2012年5月23日水曜日

戦後沖縄の人権史

「本土復帰」検証のよすがに、と言うことで、沖縄人権協会編著で「戦後沖縄の人権史」というタイトルの本が紹介されていた。わたしもこれから購入して読むつもりである。池田香代子氏(翻訳家)の紹介文章を以下に記す。

人権というキーワードで沖縄の戦後を年代記のように記述する。これは、編著主体である沖縄人権協会にしかできないことだ。本書が施政権返還協定発効から40年の節目に上梓されたことの意義は大きい。
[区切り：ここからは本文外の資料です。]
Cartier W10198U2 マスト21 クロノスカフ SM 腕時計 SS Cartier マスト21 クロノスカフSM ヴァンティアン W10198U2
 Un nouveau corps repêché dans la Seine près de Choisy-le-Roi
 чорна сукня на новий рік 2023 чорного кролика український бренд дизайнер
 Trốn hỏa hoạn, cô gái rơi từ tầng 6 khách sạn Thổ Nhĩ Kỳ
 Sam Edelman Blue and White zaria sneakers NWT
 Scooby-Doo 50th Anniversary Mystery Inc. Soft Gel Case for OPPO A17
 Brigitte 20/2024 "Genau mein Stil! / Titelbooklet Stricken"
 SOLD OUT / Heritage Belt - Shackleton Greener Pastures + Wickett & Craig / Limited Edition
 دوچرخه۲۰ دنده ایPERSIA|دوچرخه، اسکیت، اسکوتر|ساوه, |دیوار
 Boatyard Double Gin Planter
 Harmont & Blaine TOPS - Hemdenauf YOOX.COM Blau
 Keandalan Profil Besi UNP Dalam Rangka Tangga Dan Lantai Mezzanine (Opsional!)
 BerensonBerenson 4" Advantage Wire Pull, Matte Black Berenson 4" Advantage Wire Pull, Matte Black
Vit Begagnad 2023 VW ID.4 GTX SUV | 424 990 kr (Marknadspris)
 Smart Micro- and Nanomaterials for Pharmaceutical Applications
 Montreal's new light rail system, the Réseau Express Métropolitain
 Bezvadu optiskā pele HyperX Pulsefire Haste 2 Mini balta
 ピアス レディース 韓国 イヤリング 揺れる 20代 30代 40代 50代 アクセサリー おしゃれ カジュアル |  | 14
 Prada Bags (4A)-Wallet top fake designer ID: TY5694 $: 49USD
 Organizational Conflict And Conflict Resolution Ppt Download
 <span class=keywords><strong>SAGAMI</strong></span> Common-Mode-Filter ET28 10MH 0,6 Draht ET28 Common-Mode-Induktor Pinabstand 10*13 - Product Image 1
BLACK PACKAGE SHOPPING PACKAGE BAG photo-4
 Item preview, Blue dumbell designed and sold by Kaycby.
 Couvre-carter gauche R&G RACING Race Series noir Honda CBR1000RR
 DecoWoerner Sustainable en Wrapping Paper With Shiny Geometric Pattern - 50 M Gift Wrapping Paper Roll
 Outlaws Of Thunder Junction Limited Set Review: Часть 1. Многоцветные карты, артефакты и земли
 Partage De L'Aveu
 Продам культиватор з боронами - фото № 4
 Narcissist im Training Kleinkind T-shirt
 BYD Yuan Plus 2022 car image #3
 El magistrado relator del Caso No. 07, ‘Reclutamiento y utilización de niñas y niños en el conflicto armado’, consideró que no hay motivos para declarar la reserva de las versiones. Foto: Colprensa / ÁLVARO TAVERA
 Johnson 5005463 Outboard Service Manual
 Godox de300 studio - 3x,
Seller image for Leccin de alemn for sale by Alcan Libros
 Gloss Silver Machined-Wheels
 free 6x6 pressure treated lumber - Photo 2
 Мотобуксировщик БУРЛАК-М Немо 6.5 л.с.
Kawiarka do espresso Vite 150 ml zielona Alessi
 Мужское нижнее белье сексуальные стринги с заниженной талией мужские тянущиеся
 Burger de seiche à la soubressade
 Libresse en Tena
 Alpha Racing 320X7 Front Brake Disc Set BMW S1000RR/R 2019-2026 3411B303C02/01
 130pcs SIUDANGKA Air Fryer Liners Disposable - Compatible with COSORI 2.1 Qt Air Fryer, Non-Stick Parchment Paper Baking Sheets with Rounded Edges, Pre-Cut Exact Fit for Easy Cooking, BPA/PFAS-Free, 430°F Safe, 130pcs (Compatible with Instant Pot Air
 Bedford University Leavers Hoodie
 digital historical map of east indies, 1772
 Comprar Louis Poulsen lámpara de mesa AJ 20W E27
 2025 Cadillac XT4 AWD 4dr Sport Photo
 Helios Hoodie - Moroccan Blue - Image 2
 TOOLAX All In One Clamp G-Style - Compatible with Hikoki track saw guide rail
沖縄はなぜ「本土復帰」を望んだのかを今一度確認し、その目的は達成されたのかを検証するためのよすがとなるからだ。
「復帰」前、沖縄は、「同朋を日本に連れ戻したい」というような「本土」側の情緒とは、完全に無縁だった。まさに人権がない状態にあって「本土」が享受している平和の果実、つまり日本国憲法を発見し、それを獲得することを目指したのだ。
「本土復帰」はそのための手続きだった。けれど、日本という国家は沖縄を裏切り続けた。百歩譲って、サンフランシスコ条約で沖縄を切り離したのは、敗戦国としていたしかたなかったと弁明できるかもしれない。けれど、施政権返還時に米軍基地への土地提供などをめぐって、法制化や密約を駆使してなされた行為は、確信犯的積極的な裏切りであり、それが、地位協定見直しも普天間閉鎖も実現しない現在の裏切りへと直結している。
読み進みながら、ある判決を思い浮かべていた。人権は平和があって初めて実現される、だから憲法前文の平和的生存権は異体的な人権だとした、イラク自衛隊派遣違憲訴訟にたいする名古屋高裁の判決だ。巻末近く、この判決が引用されていた。
そう、軍隊があるところに平和はなく、平和のないところに人権は乏しい。この国の政治は、それをいつまで沖縄に実証させておくつもりかと、天を仰いだ。

5月いっぱい、私は沖縄にこだわるつもりだ。